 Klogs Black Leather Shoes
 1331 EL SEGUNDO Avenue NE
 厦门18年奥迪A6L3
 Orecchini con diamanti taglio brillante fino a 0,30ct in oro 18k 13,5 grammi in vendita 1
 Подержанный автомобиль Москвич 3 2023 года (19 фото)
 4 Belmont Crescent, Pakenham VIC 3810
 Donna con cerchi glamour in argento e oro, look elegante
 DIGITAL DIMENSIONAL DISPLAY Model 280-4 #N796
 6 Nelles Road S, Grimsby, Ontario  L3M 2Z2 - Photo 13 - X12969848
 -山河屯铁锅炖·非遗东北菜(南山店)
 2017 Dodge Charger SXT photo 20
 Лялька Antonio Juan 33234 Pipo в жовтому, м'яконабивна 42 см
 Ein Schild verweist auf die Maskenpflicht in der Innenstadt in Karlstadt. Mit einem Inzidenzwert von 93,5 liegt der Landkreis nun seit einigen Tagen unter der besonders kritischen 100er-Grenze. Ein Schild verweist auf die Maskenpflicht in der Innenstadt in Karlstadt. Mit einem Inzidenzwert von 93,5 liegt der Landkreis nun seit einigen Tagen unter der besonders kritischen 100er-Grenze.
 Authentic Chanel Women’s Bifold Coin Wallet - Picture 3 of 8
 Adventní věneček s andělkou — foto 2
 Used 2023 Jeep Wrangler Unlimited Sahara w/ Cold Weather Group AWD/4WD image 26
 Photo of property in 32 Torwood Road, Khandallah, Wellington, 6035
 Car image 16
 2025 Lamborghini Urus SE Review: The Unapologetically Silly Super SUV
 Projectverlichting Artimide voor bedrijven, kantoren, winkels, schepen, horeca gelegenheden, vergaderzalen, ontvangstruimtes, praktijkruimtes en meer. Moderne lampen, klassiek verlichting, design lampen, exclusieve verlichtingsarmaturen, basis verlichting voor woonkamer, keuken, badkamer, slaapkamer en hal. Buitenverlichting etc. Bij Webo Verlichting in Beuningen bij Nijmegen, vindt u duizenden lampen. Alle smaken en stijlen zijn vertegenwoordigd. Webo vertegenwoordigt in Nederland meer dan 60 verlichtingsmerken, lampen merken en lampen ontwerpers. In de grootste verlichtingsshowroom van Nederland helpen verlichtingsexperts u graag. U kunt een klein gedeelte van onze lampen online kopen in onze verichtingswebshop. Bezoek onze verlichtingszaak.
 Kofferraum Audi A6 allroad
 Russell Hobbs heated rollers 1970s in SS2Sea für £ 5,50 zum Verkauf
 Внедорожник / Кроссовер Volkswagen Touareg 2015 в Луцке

──────────

From the data above, output only the lines between the line containing "2017 Dodge Charger SXT photo 20" and the line containing "Лялька Antonio Juan", inclusive, exactly as written.

 2017 Dodge Charger SXT photo 20
 Лялька Antonio Juan 33234 Pipo в жовтому, м'яконабивна 42 см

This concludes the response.